Risolvendo una quaestio processuale spesso oggetto di contenziosi, la Suprema Corte ha definitivamente statuito che l’impugnazione, ai sensi dell’art. 702 quater c.p.c., avverso l’ordinanza che definisce il processo sommario di cognizione introdotto con il ricorso ex art. 702 bis c.p.c., deve essere proposta con atto di citazione e non con ricorso (nel termine perentorio di trenta giorni dalla comunicazione da parte della cancelleria ovvero dalla notificazione).
Ciò è di estrema rilevanza per non incorrere in inammissibilità del gravame.

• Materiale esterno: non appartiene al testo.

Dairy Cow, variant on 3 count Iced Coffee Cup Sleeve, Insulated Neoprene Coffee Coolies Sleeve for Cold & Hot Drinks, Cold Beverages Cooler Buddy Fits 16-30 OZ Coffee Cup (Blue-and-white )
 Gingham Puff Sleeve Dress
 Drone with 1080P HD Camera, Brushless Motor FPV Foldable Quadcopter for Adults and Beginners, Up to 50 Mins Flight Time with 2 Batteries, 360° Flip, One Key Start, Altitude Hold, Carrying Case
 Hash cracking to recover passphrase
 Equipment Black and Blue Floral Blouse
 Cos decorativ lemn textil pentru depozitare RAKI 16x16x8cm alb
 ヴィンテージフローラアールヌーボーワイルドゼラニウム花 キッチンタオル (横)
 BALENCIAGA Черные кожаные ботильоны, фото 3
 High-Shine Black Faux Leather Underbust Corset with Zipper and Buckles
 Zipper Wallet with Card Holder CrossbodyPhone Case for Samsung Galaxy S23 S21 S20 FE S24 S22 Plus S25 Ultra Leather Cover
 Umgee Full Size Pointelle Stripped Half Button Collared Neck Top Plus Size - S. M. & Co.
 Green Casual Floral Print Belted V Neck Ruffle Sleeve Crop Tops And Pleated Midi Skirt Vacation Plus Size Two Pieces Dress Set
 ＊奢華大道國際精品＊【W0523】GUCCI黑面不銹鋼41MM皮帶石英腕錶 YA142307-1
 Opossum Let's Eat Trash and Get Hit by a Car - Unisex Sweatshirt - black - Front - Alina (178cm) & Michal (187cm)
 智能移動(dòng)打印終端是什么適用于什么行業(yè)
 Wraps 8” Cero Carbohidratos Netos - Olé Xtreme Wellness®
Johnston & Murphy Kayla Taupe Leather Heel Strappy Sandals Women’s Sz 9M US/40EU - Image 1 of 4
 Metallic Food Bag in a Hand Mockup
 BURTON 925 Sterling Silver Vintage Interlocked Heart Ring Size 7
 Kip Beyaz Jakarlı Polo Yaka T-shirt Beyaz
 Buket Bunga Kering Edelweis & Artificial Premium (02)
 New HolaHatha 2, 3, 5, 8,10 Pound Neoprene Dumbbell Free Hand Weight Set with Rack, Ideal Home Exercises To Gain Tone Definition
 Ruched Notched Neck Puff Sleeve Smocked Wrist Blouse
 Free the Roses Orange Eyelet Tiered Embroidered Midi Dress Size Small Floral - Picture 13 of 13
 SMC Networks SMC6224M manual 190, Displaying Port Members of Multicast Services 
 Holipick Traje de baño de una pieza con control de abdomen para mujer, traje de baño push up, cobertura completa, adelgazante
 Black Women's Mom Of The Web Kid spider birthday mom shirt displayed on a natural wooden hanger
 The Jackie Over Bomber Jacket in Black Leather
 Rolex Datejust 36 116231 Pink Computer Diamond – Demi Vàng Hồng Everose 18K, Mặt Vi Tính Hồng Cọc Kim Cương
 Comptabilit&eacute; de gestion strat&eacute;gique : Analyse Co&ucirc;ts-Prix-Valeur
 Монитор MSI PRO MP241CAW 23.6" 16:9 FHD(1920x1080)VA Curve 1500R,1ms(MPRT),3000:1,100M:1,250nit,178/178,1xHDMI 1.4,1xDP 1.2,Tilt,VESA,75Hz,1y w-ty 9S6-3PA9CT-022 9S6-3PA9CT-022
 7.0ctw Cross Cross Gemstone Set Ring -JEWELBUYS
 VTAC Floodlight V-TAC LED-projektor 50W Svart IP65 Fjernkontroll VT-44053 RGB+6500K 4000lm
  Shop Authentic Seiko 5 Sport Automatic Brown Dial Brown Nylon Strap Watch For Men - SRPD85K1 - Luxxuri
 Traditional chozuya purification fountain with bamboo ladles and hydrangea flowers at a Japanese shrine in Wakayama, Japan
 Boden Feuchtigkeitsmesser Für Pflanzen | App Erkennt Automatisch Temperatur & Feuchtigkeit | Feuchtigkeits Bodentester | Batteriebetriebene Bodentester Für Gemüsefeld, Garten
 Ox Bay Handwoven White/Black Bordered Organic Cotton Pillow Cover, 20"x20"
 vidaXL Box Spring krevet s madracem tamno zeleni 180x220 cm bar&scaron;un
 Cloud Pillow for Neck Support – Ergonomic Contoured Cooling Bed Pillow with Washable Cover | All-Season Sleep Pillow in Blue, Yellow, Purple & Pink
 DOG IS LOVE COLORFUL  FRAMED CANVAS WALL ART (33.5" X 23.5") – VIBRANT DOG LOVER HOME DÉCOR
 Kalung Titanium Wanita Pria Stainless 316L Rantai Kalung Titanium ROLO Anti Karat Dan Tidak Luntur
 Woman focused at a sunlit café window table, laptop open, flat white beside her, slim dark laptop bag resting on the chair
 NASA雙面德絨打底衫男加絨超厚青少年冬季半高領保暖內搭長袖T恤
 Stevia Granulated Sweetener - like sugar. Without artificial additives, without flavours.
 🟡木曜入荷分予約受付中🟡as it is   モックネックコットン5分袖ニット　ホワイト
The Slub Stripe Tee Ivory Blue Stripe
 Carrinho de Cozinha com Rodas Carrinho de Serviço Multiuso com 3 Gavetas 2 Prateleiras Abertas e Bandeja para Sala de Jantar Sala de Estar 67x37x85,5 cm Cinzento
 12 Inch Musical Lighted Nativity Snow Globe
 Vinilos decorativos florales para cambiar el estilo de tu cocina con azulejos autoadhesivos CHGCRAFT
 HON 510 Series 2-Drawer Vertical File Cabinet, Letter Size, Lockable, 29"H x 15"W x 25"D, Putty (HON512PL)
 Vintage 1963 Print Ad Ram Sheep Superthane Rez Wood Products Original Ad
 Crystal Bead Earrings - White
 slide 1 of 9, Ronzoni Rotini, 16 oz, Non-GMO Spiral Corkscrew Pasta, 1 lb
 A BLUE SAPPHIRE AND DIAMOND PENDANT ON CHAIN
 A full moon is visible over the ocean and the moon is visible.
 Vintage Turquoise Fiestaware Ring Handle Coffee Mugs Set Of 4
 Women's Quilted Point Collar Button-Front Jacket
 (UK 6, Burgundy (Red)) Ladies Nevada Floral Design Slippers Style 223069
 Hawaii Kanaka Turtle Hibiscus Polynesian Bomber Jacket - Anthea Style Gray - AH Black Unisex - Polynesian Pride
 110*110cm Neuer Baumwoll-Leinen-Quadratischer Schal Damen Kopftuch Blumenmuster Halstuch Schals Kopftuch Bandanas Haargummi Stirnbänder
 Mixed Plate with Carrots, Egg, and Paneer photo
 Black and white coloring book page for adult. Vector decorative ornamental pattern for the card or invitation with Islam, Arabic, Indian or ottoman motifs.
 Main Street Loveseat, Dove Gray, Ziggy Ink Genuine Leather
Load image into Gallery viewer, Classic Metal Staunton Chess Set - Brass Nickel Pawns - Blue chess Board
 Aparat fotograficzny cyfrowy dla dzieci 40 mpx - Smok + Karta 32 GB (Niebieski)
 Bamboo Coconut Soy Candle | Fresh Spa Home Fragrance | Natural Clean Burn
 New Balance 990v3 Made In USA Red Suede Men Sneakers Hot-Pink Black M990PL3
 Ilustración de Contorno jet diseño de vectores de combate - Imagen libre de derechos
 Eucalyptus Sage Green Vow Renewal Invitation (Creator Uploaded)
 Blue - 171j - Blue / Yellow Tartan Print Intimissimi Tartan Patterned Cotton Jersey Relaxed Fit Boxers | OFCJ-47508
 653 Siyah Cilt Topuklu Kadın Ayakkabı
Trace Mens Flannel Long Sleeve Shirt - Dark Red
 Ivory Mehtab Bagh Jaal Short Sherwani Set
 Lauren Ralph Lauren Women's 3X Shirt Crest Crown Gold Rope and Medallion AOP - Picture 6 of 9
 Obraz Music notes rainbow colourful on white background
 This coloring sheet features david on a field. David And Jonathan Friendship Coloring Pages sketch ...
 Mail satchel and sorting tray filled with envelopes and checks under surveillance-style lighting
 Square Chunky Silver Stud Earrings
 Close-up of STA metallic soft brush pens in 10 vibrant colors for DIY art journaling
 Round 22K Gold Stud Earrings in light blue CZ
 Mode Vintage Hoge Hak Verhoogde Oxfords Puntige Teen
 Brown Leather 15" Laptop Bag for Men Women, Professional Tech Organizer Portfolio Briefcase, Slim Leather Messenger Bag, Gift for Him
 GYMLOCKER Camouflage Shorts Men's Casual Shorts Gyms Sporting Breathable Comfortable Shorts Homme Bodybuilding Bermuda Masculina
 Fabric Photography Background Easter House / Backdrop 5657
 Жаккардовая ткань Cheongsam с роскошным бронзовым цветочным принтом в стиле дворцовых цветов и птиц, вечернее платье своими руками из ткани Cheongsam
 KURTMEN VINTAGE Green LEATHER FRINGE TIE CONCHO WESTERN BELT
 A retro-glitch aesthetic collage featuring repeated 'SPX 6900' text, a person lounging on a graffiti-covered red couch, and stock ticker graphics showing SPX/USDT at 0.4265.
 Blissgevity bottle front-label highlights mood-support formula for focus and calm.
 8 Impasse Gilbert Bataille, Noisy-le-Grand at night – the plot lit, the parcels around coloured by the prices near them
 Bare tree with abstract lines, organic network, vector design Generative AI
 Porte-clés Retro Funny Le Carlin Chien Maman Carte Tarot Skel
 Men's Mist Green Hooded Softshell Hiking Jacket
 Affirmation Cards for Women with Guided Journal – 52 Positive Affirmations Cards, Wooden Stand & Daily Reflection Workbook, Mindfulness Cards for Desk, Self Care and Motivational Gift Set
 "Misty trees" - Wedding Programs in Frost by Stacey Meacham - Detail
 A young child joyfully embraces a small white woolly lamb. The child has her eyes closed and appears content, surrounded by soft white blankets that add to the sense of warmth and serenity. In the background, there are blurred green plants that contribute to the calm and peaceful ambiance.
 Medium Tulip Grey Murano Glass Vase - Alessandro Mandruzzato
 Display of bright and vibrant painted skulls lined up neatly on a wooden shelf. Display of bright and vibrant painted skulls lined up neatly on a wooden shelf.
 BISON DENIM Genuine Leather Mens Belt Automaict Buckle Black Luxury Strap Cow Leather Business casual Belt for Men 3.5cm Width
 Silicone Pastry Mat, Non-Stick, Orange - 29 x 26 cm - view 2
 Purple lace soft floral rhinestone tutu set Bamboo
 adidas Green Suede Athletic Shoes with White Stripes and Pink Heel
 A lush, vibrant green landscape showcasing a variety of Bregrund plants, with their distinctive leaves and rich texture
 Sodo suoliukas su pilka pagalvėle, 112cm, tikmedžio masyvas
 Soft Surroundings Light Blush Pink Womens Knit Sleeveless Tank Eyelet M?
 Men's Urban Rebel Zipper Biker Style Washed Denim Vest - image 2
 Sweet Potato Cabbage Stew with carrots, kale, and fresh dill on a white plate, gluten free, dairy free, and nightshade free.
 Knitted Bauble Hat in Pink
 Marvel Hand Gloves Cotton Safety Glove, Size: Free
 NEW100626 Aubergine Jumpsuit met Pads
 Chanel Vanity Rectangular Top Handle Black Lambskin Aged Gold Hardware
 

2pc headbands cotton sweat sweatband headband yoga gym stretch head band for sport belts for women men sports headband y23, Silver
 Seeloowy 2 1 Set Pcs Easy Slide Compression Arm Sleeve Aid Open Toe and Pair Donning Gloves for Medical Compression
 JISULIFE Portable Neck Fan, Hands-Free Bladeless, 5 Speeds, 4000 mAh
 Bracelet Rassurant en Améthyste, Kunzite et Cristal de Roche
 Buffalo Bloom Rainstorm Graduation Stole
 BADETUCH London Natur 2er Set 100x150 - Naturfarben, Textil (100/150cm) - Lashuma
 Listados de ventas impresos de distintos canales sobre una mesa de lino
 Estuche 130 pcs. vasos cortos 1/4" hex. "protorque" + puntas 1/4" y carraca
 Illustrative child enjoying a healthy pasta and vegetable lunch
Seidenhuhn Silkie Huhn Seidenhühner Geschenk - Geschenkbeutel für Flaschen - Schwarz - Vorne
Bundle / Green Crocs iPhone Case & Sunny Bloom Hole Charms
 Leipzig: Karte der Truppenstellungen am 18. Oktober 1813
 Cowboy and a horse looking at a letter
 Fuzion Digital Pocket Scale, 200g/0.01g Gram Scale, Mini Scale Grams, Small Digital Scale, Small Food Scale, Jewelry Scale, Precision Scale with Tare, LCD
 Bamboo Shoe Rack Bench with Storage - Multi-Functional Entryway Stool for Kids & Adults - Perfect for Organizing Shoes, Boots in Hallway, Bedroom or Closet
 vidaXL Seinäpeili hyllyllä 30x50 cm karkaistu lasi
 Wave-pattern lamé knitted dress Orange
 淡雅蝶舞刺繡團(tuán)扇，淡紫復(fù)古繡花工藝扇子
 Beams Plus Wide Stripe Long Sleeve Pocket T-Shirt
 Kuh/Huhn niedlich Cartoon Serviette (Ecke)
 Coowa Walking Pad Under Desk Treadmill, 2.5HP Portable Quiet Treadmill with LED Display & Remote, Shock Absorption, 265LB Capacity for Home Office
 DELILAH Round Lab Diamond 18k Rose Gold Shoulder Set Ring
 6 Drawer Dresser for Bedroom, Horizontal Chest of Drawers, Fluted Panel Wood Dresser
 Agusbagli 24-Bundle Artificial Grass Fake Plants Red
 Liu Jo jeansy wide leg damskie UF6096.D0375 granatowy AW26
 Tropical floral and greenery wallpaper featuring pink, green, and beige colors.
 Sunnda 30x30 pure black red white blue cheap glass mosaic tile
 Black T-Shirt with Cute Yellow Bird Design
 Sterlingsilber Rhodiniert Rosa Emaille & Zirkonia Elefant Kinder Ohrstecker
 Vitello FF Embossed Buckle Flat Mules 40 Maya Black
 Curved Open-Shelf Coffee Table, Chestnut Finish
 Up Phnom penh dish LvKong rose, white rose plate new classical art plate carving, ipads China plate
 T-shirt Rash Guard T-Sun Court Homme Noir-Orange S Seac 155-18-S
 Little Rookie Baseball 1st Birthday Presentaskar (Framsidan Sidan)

L’art. 702 quater c.p.c. disciplina infatti un mezzo di impugnazione che ha natura di appello (e non di reclamo cautelare), la cui mancata proposizione comporta il passaggio in giudicato dell’ordinanza emessa ex art. 702 bis c.p.c., prefigurando – come insegna la Corte di Cassazione – un procedimento con pienezza sia di cognizione (come in primo grado) che di istruttoria (a differenza del primo grado, ove è semplificata), analogo a quello disciplinato dall’art. 345, comma 2 c.p.c.
Peraltro tale principio costituisce un corollario nell’ambito della sentenza delle Sezioni Unite della Corte di Cassazione (cfr. sentenza n. 2907 del 2014), per cui trova sempre applicazione, in assenza di una specifica previsione normativa per il giudizio di secondo grado, la disciplina ordinaria di cui all’art. 339 c.p.c.e segg.
Una volta introdotto il regime dell’appellabilità, in assenza di espresse indicazioni da parte del Legislatore, non può farsi riferimento altro che alle regole dell’ordinario giudizio di cognizione, potendo il principio della ultrattività del rito operare solo nei casi di esplicita previsione normativa.